AAAR 37th Annual Conference October 14 - October 18, 2019 Oregon Convention Center Portland, Oregon, USA
Abstract View
Emissions, Transport, and Chemistry of Smoke from Western U.S. Wildfires
MEGAN BELA, Natalie Kille, Stuart McKeen, Ravan Ahmadov, Gabriel Pereira, Chris Schmidt, R. Bradley Pierce, Susan O'Neill, Xiaoyang Zhang, Shobha Kondragunta, Christine Wiedinmyer, Rainer Volkamer, CU CIRES and NOAA ESRL
Abstract Number: 589 Working Group: Biomass Combustion: Emissions, Chemistry, Air Quality, Climate, and Human Health
Abstract Air quality forecasts using regional chemical models provide key information for affected communities and smoke management efforts, yet many models fail to accurately predict ozone (O3) and particulate matter levels during fire events. The satellite-based emissions and plume rise are large sources of model uncertainty. To improve emissions and plume rise parameterizations, we utilize aircraft and ground-based data from recent field campaigns, such as the 2018 NSF/CU Biomass Burning Fluxes of Trace Gases and Aerosols using SOF on the Wyoming King Air (BB-FLUX) and NSF/CSU Western wildfire Experiment for Cloud chemistry, Aerosol absorption and Nitrogen (WE-CAN) field campaigns, and the 2019 NOAA/NASA Fire Influence on Regional and Global Environments Experiment – Air Quality (FIREX-AQ) field campaign. Hourly fire emissions based on Geostationary Operational Environmental Satellite (GOES)-16/17 fire radiative power are implemented in WRF-Chem. Emission factors (EFs) are updated from estimates from FIREX Fire Lab and BB-FLUX/WE-CAN/FIREX-AQ field observations, and separate EFs are implemented for flaming and smoldering combustion.

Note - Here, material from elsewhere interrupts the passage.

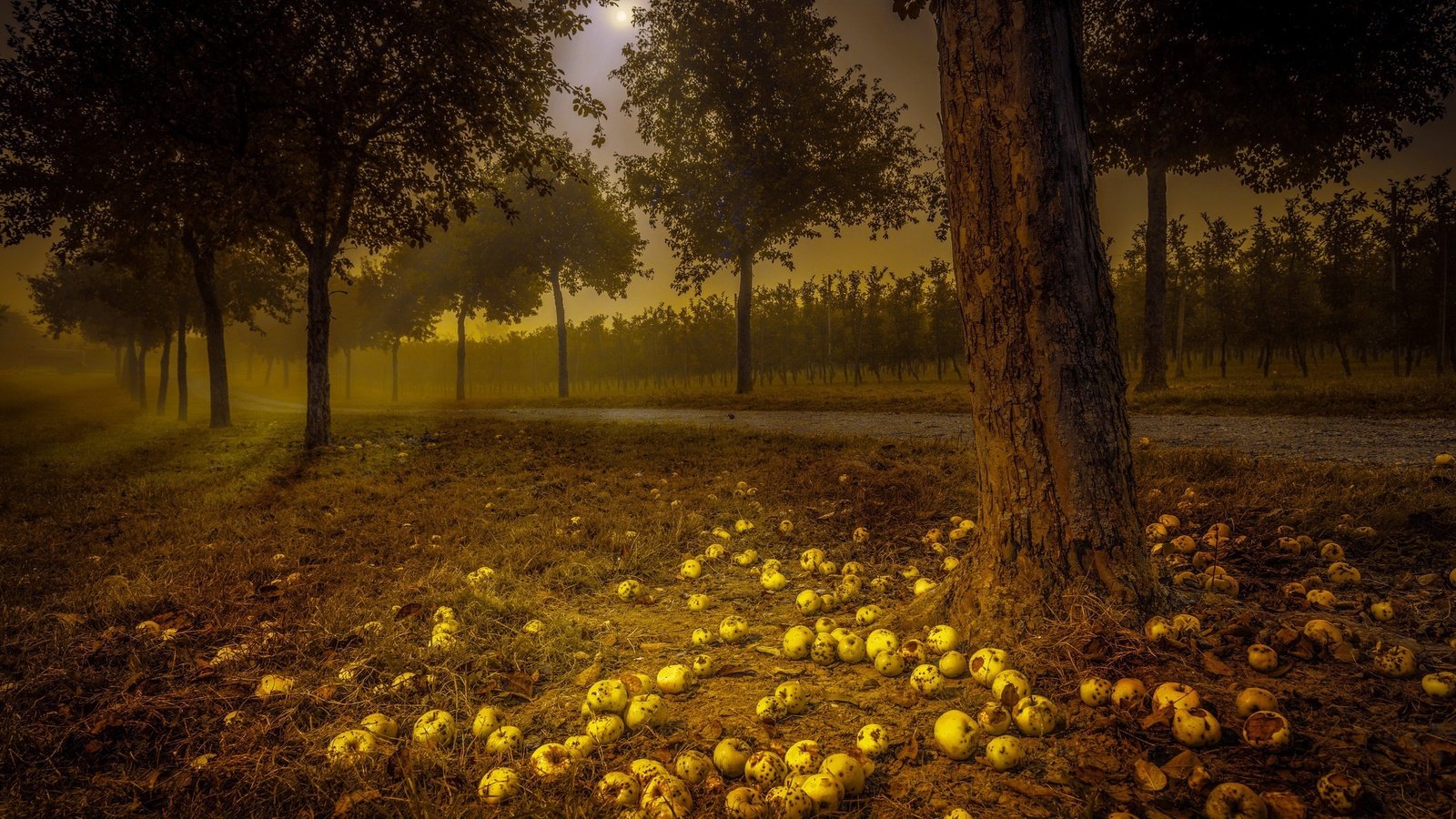 Обои дорога, ночь, деревья, яблоки, road, night, trees, apples разрешение 2048x1383 Загрузить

Uncertainties in emissions and plume injection heights in the model are quantified by comparison with aircraft- and satellite-based estimates. WRF-Chem simulations are also compared with satellite retrievals of trace gases and aerosols, and are used to quantify fire air quality impacts and examine formation/aging mechanisms for O3 and SOA.